Der Winter ist in Ostösterreich auf dem besten Weg, neue Rekorde aufzustellen – nämlich in Sachen Trockenheit. Diese ist speziell in Niederösterreich, Wien und dem Burgenland extrem. Wie extrem, das zeigt eine repräsentative Messstation in Wiener Neustadt. Seit Ende November 2024 fielen dort nur 16 Liter/m² Regen bzw. Schnee. Das sind um 75 Prozent weniger als üblich, in Reichenau an der Rax fehlen sogar knapp 80 Prozent zu einem Normalwinter.
Die Wetterextreme machen auch vor dem Gebirge nicht Halt. Anstatt von Lawinengefahr herrscht auf den beliebten Ausflugsbergen wie Schneeberg, Rax und teilweise auch auf der Hohen Wand Lebensgefahr durch Eisglätte.
"Auch wenn der Schneeberg so aussieht, als wäre er völlig schneefrei, ist es nicht so. Der Schein trügt. Die frühlingshaften Temperaturen herrschen nur im Tal. Ab 1.400 Meter Seehöhe haben wir gefährliche Verhältnisse durch gefrorenes Schmelzwasser, Wind und Kälte“, erklärt Karl Tisch, Lawinenmelder beim NÖ Lawinenwarndienst und Bergretter in Puchberg am Schneeberg.
Selbstüberschätzung
Weil die Bedingungen völlig "missinterpretiert oder unterschätzt" werden, stehen die Bergretter im Dauereinsatz. Die Wanderrouten und Klettersteige in exponierten, schattenseitigen Lagen werden durch die derzeit herrschenden Bedingungen anspruchsvoller und gefährlicher, warnt Tisch.
"Durch mangelhafte Ausrüstung, schlechte Tourenvorbereitung und Selbstüberschätzung können wenig erfahrene Wanderer in den vereisten Passagen nicht mehr vor noch zurück", so die Bergrettung NÖ.
Zwei Einsätze der vergangenen Tage stehen exemplarisch für die vorherrschende Lage. Zunächst folgten drei junge Wiener (14 bis 16 Jahre) in klassischer Straßenkleidung mit offenen Turnschuhen und Jogginghosen einer Freizeit-App auf den Gipfel des Schneebergs. Dort wurden sie von Sturmböen und Minusgraden überrascht, ihre Rettung dauerte mehrere Stunden.
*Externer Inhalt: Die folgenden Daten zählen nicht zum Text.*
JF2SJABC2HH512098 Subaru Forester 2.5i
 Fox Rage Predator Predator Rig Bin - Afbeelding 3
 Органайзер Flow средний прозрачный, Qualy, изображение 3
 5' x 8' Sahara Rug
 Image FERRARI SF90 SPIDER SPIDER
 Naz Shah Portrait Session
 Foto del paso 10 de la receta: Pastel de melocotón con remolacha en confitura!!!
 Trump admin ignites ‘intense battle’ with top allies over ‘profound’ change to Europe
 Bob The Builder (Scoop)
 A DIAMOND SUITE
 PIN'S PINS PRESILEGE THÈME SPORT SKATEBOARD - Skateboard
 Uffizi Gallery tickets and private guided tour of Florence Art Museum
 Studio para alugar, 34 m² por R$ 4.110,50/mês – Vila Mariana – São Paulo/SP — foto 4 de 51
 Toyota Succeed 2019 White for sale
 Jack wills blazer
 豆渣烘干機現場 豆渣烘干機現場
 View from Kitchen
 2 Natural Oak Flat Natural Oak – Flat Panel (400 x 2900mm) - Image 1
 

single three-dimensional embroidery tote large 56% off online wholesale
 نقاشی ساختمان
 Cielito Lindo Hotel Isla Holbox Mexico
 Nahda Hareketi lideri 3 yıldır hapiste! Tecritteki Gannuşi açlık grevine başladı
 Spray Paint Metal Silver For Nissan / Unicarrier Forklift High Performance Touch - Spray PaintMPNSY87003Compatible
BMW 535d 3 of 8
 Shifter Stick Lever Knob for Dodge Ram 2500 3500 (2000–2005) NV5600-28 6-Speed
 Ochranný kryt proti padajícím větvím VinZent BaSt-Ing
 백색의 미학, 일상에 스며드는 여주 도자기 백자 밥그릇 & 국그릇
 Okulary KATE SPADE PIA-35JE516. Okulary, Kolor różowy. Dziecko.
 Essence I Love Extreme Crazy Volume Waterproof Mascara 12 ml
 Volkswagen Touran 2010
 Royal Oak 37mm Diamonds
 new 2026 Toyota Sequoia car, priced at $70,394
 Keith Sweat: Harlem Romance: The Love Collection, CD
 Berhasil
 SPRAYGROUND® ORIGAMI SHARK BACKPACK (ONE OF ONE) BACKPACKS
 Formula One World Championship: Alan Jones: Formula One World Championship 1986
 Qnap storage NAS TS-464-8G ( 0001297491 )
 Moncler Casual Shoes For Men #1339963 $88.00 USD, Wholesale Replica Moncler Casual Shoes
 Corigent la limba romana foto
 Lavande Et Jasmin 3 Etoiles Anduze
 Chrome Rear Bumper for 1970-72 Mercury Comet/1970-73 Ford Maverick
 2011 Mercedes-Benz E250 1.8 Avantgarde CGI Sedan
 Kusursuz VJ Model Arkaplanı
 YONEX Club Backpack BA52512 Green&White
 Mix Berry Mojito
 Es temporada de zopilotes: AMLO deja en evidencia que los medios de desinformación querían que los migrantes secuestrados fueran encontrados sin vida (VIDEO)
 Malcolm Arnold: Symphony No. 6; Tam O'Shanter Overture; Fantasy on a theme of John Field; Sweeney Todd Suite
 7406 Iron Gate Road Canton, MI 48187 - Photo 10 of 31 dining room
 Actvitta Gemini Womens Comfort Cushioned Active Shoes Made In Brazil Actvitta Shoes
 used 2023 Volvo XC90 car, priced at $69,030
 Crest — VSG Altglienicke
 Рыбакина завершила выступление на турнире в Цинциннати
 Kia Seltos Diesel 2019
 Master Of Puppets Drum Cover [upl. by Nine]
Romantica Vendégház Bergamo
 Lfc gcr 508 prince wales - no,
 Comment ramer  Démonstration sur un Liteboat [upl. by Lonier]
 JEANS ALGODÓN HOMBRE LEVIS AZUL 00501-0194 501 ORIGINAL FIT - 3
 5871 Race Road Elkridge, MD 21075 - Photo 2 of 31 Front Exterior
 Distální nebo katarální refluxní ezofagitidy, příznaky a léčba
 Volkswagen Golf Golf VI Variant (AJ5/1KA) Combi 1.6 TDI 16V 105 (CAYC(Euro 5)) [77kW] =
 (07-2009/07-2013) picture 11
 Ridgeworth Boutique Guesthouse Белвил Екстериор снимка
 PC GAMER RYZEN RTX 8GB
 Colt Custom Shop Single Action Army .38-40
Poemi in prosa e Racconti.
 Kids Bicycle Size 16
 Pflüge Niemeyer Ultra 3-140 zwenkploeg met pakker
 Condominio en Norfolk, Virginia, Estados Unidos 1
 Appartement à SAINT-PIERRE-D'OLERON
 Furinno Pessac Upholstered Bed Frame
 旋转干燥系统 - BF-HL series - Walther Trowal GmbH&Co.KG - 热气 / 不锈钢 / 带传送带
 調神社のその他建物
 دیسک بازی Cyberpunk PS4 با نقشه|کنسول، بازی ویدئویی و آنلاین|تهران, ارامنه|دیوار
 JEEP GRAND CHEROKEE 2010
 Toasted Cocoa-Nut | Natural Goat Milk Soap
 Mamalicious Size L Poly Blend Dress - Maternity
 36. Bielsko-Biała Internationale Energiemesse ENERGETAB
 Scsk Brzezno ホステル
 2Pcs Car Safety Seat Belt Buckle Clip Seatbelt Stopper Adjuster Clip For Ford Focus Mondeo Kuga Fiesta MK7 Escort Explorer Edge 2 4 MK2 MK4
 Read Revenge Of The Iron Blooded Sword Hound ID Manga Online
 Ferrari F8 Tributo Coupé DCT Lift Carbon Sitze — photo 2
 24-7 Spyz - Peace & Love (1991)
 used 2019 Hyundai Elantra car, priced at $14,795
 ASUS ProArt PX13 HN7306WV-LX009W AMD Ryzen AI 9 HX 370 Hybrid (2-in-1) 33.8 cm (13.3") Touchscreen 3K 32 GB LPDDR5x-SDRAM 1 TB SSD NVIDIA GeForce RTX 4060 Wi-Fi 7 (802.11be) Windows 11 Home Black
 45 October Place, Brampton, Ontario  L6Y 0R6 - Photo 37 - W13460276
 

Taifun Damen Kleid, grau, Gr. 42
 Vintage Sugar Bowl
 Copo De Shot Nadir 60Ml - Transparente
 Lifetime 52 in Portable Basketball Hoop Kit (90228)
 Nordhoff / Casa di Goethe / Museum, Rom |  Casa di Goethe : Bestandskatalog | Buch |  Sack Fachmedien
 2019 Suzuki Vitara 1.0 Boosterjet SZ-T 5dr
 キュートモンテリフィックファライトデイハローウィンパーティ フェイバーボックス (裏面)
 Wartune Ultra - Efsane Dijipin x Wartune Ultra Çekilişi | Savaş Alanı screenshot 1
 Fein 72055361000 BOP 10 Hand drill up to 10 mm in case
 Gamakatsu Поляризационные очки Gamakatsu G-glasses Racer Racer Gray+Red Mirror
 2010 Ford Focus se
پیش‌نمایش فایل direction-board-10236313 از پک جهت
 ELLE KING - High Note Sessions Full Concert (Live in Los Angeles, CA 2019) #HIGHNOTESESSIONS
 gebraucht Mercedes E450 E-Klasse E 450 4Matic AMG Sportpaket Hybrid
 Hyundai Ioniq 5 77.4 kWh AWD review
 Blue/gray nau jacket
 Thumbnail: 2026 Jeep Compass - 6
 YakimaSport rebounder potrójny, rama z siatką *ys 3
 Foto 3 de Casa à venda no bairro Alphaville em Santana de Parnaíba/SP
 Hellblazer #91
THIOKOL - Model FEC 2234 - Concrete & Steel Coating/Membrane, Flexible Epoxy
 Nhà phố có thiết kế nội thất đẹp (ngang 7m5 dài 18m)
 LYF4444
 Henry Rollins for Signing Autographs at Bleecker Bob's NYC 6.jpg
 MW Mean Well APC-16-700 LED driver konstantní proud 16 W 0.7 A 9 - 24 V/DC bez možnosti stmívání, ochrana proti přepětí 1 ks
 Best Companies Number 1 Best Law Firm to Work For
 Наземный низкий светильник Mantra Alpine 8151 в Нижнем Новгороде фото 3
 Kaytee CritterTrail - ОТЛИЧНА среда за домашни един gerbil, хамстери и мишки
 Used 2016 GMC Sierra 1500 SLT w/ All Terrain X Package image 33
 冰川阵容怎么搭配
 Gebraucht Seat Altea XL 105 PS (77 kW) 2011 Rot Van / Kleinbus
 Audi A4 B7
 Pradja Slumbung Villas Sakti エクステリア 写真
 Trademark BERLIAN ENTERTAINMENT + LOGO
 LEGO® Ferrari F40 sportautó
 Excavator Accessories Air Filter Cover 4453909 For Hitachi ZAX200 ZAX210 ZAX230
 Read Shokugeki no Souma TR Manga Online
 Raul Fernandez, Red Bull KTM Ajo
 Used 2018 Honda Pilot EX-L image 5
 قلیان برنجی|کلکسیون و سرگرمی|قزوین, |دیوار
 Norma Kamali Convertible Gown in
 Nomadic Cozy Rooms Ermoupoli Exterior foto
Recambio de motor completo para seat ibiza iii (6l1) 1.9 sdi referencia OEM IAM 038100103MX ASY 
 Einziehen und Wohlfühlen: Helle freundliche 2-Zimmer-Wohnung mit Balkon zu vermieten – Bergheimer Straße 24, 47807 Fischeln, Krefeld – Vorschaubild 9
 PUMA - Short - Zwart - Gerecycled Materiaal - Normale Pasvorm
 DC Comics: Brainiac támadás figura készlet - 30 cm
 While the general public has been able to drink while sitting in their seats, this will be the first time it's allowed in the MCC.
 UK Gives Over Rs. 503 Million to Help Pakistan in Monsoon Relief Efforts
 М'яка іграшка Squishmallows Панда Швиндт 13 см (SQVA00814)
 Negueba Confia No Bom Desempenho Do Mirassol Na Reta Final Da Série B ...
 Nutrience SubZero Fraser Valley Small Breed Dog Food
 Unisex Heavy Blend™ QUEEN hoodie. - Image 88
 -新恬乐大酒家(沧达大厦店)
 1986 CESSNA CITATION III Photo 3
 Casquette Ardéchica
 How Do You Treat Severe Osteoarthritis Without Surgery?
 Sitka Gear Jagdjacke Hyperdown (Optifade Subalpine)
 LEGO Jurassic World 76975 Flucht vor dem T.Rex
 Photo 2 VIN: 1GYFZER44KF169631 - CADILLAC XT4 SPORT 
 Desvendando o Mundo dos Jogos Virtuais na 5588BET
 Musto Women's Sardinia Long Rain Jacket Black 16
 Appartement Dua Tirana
Hubschrauber kam trotz Finsternis
Nur wenige Tage danach wiederholte sich das lebensgefährliche Schauspiel. Ein 20-jähriger chinesischer Student war im Morgengrauen nur mit Tennisschuhen, Jogginghose, T-Shirt, Jacke und ohne Handschuhe oder Haube zu einer zwölfstündigen Tour auf den Schneeberg aufgebrochen. Ohne jeglicher Bergerfahrung folgte er dabei einem Weg auf Google-Maps.
Auf einer Schneewechte bei Dunkelheit und minus fünf Grad geriet der junge Mann dann in Panik und konnte weder vor noch zurück.
Blutige Knöchel
Um 19.30 Uhr setzte er einen Notruf ab. Der nachtflugtaugliche ÖAMTC-Rettungshubschrauber Christophorus 2 aus Krems konnte den Chinesen schließlich bei völliger Finsternis orten und in der Nähe am Plateau landen. Der Student wurde mit einer Unterkühlung und blutigen Knöcheln ins Krankenhaus geflogen.
Notfallausrüstung im Winter
Für Karl Tisch und die Bergrettung sind solche Aktionen grob fahrlässig. Gerade im Winter erfordere es ein gewisses Maß an Tourenvorbereitung und Notfallausrüstung. Dazu zählt laut Bergrettung festes Schuhwerk, Steigeisen bzw. Grödeln, Eispickel, Haube, Handschuhe, Winterjacke und Rucksack mit Stirnlampe, Reservewäsche sowie ausreichend Verpflegung.
"Im Winter sind viele Hütten nicht besetzt und nur Noträume geöffnet. Das muss man bei der Planung unbedingt bedenken“, mahnt Tisch.